Nikolin proponuje, aby każdy autokar był wyposażony w kilka fotelików, które udostępniano by pasażerom. Oszczędziłoby to wielu rodzinom jednorazowego, na dłuższą metę zbędnego wydatku, a także zachęciło do podróżowania tych rodziców, którzy nie zamierzają dokonywać zakupu. Sam przewoźnik nie musiałby na takim posunięciu stracić – za wypożyczenie fotelika mógłby pobierać drobną opłatę, a zatem koszt przedsięwzięcia zwróciłby się po kilku czy kilkunastu kursach.
- Takie rozwiązanie powinno sprawdzić się zwłaszcza teraz, kiedy wiele rodzin jest rozdzielonych, np. ojciec pracuje poza Polską, a matka z dziećmi regularnie przyjeżdżają w odwiedziny – przekonuje Nikolin.

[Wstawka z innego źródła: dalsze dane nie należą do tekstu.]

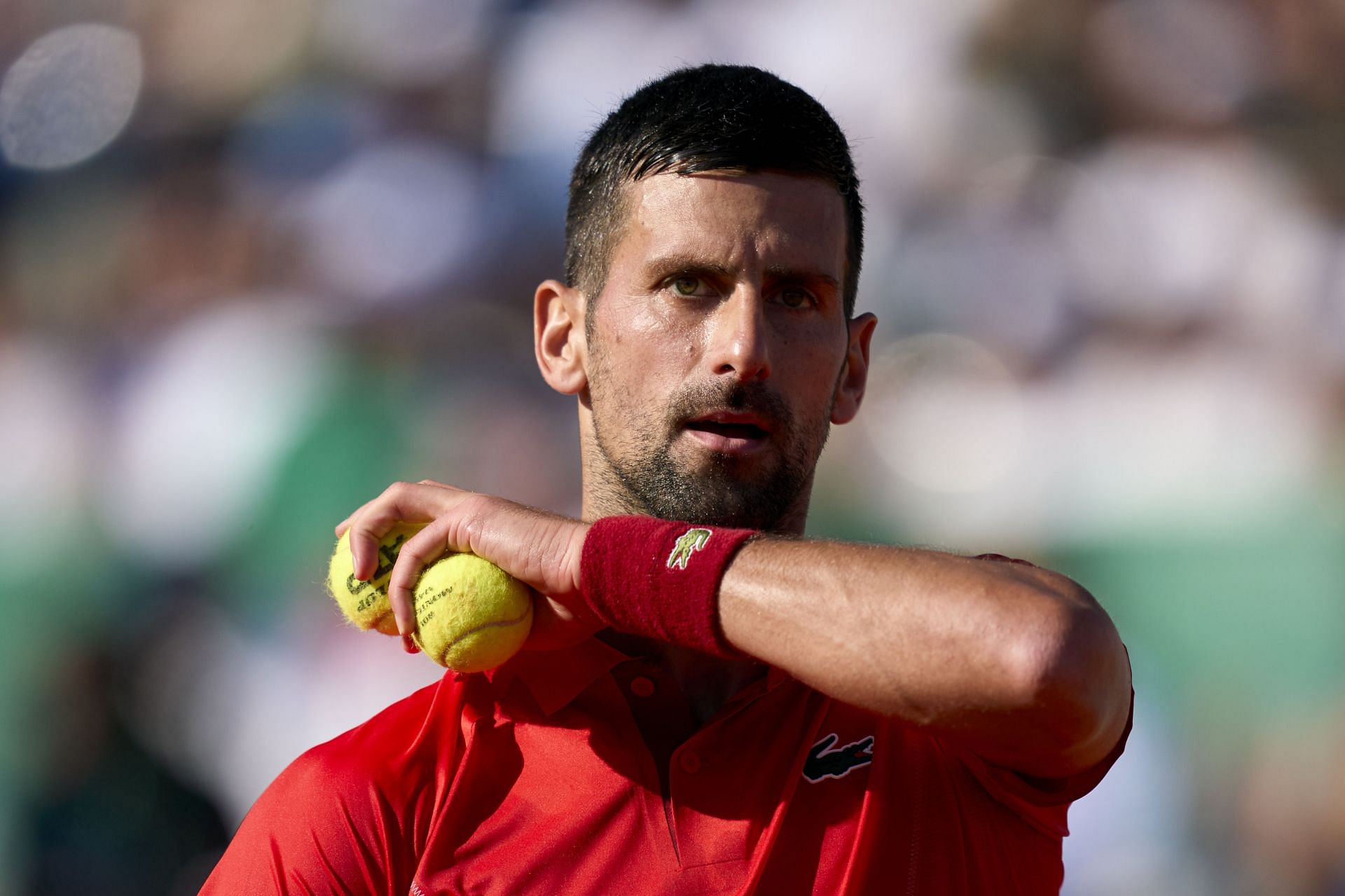 Novak Djokovic (Source: Getty)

Właściciel BiletyAutokarowe.pl dodaje, że choć część przewoźników jest skłonna przymyknąć oko na brak fotelika, nie warto ryzykować. W ten sposób narażamy bowiem dziecko na niebezpieczeństwo, a także musimy liczyć się z faktem, że jeśli autokar trafi na kontrolę, to nie linia zostanie obciążona odpowiedzialnością, a rodzice.